Aufgrund des dramatischen Anstiegs von Straf- und Gewalttaten werden wir den Kampf gegen den Linksextremismus in Hessen verstärken und zusätzlich zu den bereits ergriffenen Maßnahmen zukünftig die folgenden sechs Punkte in den Mittelpunkt stellen:
1. Präventionsnetzwerk gegen Linksextremismus
An dem Präventionsnetzwerk gegen Linksextremismus werden neben den Sicherheitsbehörden auch andere staatliche und nicht-staatliche Akteure der Wissenschaft und der Zivilgesellschaft mitwirken. Das Netzwerk soll Opfer des Linksextremismus ebenso ansprechen wie Bildungseinrichtungen, Wirtschaftsunternehmen, Betreiber kritischer Infrastruktur und alle interessierten Bürger. Wir rufen in den nächsten Tagen eine Offensive Hessen LINKS ins Leben, bei der regionale und themenspezifische Sensibilisierungsveranstaltungen angeboten werden. Schon zu Beginn des Jahres haben wir eine Fachstelle Linksextremismus eingerichtet, die zunächst bis 2029 mit finanziellen Mitteln in Höhe von 400.000 Euro ausgestattet wird. Ein weiteres Förderprojekt mit dem Schwerpunkt ‚Prävention an Schulen und Universitäten‘ im Bereich Linksextremismus ist ausgeschrieben; erste Bewerber gibt es bereits. Mein Ziel ist es, im Bereich Linksextremismus insgesamt noch stärker in die Gesellschaft hineinzuwirken und vor allem ein Abdriften von jungen Menschen zu verhindern.

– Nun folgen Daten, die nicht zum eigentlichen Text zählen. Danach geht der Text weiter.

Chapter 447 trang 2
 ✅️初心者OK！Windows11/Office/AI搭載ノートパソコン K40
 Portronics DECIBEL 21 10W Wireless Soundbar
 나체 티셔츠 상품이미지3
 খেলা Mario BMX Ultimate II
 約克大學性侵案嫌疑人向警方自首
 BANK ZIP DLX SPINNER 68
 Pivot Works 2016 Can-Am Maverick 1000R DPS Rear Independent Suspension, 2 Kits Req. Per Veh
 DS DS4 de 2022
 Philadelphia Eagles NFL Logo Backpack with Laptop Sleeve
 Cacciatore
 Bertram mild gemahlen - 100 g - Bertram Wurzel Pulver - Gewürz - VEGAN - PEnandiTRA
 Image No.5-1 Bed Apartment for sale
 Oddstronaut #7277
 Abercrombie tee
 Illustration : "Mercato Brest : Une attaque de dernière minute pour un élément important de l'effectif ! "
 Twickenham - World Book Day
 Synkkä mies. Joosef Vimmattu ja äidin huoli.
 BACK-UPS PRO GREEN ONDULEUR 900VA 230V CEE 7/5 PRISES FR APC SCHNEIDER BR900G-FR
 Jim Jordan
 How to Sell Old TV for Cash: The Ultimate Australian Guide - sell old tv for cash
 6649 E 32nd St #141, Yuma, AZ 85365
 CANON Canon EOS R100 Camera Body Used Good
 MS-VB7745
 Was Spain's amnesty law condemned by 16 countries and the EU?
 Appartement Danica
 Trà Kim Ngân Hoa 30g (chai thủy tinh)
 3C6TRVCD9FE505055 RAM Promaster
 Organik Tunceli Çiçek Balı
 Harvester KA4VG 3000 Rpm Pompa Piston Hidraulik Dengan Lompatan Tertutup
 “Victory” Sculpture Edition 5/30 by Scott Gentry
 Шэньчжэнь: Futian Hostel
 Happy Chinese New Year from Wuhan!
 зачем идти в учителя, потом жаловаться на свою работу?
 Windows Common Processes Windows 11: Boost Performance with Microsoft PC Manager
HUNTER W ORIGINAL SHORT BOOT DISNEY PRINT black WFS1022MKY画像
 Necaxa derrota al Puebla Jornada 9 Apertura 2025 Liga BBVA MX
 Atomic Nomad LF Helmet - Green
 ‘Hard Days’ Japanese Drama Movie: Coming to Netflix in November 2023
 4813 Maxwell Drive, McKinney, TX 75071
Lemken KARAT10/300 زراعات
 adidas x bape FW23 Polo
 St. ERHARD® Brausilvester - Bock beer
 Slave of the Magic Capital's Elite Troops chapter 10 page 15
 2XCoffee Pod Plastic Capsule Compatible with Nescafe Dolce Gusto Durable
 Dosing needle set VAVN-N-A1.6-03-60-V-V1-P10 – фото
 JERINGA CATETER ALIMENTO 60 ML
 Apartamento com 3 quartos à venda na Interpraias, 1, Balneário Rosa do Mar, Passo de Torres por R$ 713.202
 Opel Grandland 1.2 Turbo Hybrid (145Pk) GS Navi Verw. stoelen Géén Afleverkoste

2. Kompetenzstelle Linksextremismus (KOLEX)
Das Landesamt für Verfassungsschutz richtet KOLEX angelehnt an der ´Kompetenzstelle Rechtsextremismus` (KOREX) ein. Ziel ist die Enttabuisierung des Linksextremismus sowie das Schaffen eines Bewusstseins für dessen Gefahren. Daneben wollen wir analog zur Einheit ´Fokussierte operative Bearbeitung herausragender Akteure Rechtsextremismus` (FOBAREX) die personenbezogene Bearbeitung von Linksextremisten über eine neue Einheit ´Fokussierte operative Bearbeitung herausragender Akteure Linksextremismus` (FOBALEX) intensivieren.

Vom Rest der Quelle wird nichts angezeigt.